Sembrava che, ancora una volta il Papa venuto “quasi dalla fine del mondo” avesse, dato con le parole l’esempio, un positivo contributo alla costruzione di una società  realmente a misura d’uomo, quindi  al cambiamento di  un sistema  che non funziona più. Perché genera ingiustizie, profonde diseguaglianze,aumenta la  povertà e il  sottosviluppo, finendo per alimentare la violenza e gravemente indebolire la stessa democrazia.

Ebbene, Papa Francesco ha, così, avuto un ruolo di superstar nei due grandi eventi di sabato scorso a Roma e Milano,confermando  il suo carisma, la sua popolarità . E non v’ha dubbio che la celebrazione romana dei 60 anni dell’Unione Europea  abbia costituito la  sorpresa maggiore  sia per l’obiettivo successo italiano  compreso sotto il profilo dell’ordine pubblico, sia  per l’inaspettata conclusione positiva  che costituisce la migliore risposta ai populismi anche di casa nostra.

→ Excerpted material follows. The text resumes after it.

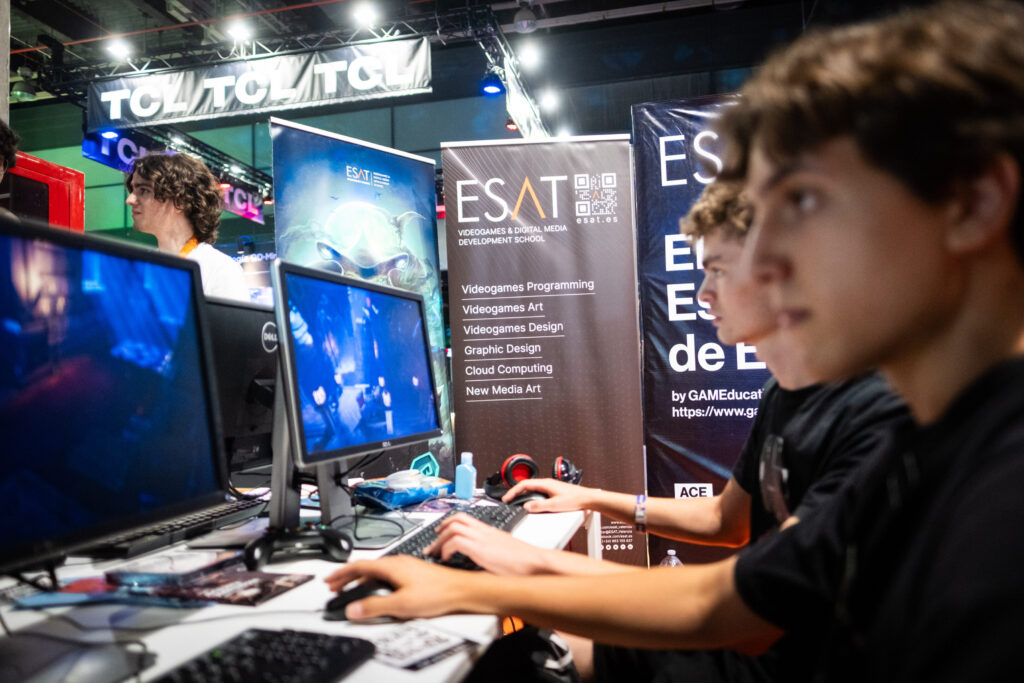 Chicos en el Stand de la ESAT probando juegos nuevos en OWN Valencia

Tutto molto bello ma, c’è sempre un ma, una nube scura che appanna il sole. Quarantotto ore ed il sogno, i propositi le idee, le illusioni, spariscono attraverso la voce di uno dei Paesi cattolicissimi di questa Europa, che vorrebbe essere unica e unita ma in fondo non lo è, almeno non completamente, quando si vanno a toccare quei punti deboli come il problema dell’immigrazione, quell’Austria dimentica del documento appena firmato,  dichiarava, con la voce dello stesso firmatario, la sua indisponibilità a ricevere la sua parte di esseri umani che, per i motivi più disparati, lasciano il loro Paese nella ricerca di un mondo migliore.

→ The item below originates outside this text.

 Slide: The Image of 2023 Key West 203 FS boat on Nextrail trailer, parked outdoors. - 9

Se il buon  giorno si vede dal mattino, questa è davvero la strada giusta  per  dare all’UE “un unità e una solidarietà ancora più forte”? E per rispondere all’impegno sottoscritto dai 27 leader di “dare ascolto alle preoccupazioni espresse dai nostri cittadini”? Promuovendo “un processo decisionale democratico, efficace, trasparente e risultati migliori.”?